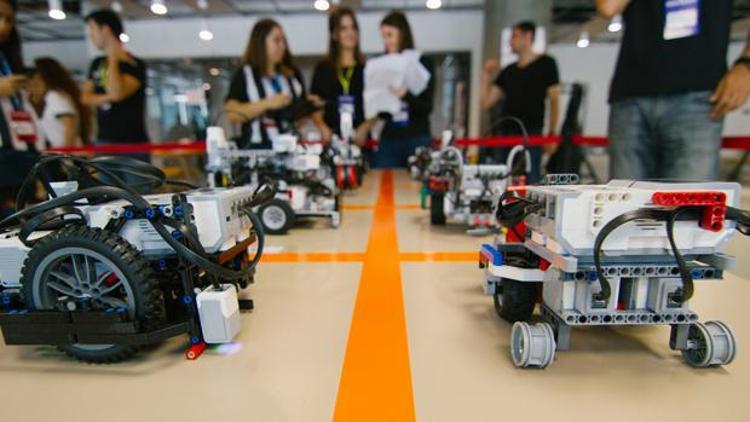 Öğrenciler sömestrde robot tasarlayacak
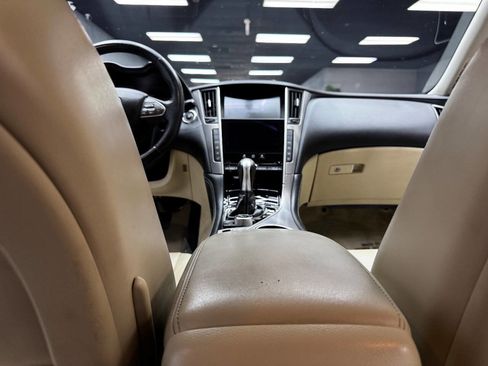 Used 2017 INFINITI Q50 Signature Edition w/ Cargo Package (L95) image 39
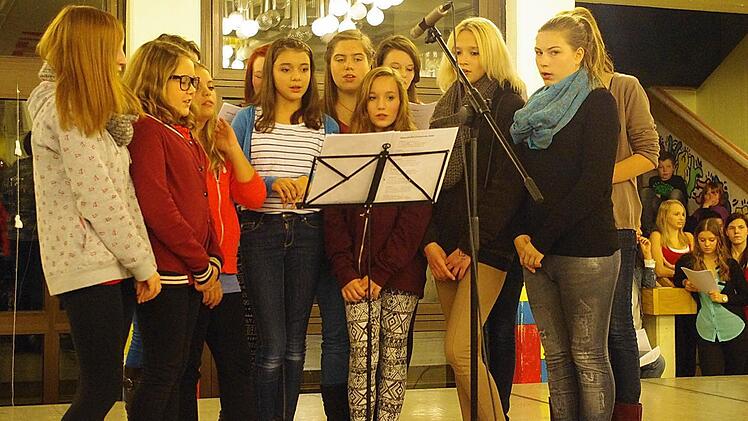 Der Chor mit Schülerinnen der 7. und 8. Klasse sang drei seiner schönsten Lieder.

==

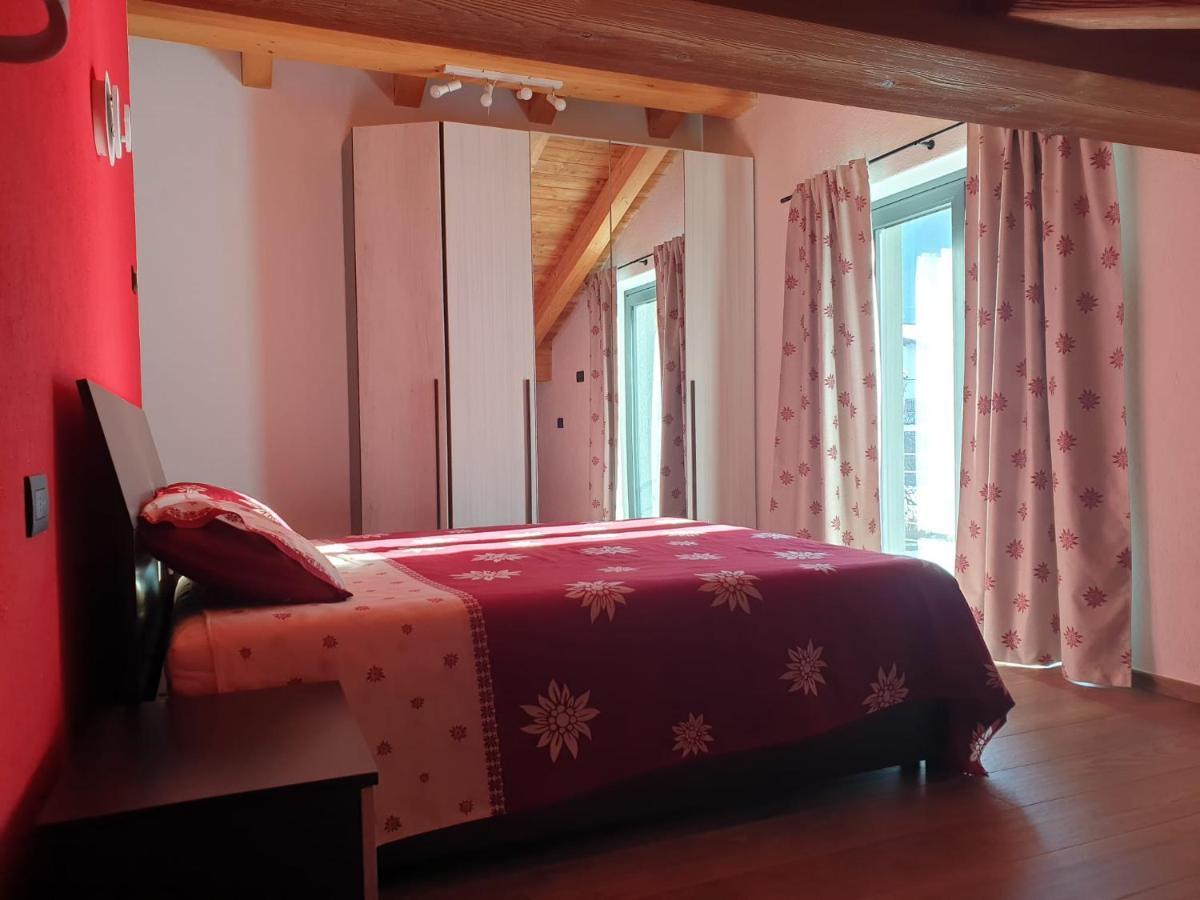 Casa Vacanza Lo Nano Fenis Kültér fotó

● Directions for this task:
Starting at the line above that holds "Öğrenciler sömestrde robot tasarlayacak", repeat every line exactly down to and including the line that holds "Der Chor mit", then stop. Do not carry over any pictures.

● Answer box:
 Öğrenciler sömestrde robot tasarlayacak
 Used 2017 INFINITI Q50 Signature Edition w/ Cargo Package (L95) image 39
 Der Chor mit Schülerinnen der 7. und 8. Klasse sang drei seiner schönsten Lieder.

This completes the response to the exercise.